- USD/JPY lost the 20-day SMA at 139.44 and trades at the 139.35 area.
- The US Producer Price Index decreased by 0.3% MoM in May.
- Investors await Fed's decision and revised dot plots.
The USD/JPY lost over 60 pips during the New York session as the Greenback faced severe selling pressure after Producer Price Index (PPI) data from the US showed lower-than-expected ‘factory gate’ inflation. US bond yields are in decline, favoring the JPY, Ahead of the Federal Reserve’s (Fed) decision at 18:00 GMT.
Weak PPI data made US bond yields decline, and stocks rise
The US Bureau of Labor Statistics released on Tuesday the PPI report that showed a decrease of 0.3% MoM in May, more than the 0.1% slide expected; the YoY measure fell to 1.1%. On the other hand, the Core figure rose 0.2% MoM in the same period matching expectations, while the yearly came in at 2.8%.
As a result, the US bond yields have weakened across the curve and applied pressure to the USD. The 10-year bond yield fell to 3.79%, while the 2-year yield sits at 4.62% and the 5-year yield at 3.96%, marking a 1.58% slide, respectively. Elsewhere, the S&P 500 index (SPX) rose to its highest level since April 2022 and applied further pressure to the US Dollar as riskier assets drove away demand from the safe-haven Greenback and the JPY.
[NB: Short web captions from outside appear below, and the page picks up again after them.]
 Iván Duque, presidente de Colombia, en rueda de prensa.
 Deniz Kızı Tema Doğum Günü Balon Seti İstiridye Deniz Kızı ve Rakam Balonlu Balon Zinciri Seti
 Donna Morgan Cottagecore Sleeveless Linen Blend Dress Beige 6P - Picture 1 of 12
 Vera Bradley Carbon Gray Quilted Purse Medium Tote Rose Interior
Regarding the Fed’s decision, markets continue to discount a no hike, and investors will look for clues regarding forward guidance in the updated macro forecast, the revised dot plots and in Chair Powell’s press conference. As for now, analysts expect that the Fed will resume tightening in the next July meeting, where market participants are expecting a 25 basis point (bps) hike.
USD/JPY Levels to watch
In terms of technical analysis, USD/JPY maintains a neutral stance for the short term as indicators turn red on the daily chart. That being said, the trajectory for the following sessions will be determined by the Fed’s decision and the expectations for future meetings.
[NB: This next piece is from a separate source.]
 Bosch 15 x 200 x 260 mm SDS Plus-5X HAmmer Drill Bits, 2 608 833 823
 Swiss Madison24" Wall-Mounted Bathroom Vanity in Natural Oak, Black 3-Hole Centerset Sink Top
After losing the 20-day Simple Moving Average (SMA) at the 139.45 level, support levels for the pair line up at the psychological mark at 139.00 and the 200-day (SMA) at 137.25. Furthermore, a move above the 140.00 zone would suggest a continuation of the bullish trend for USD/JPY, with next resistances at the 140.50 area and a multi-month high at 140.90.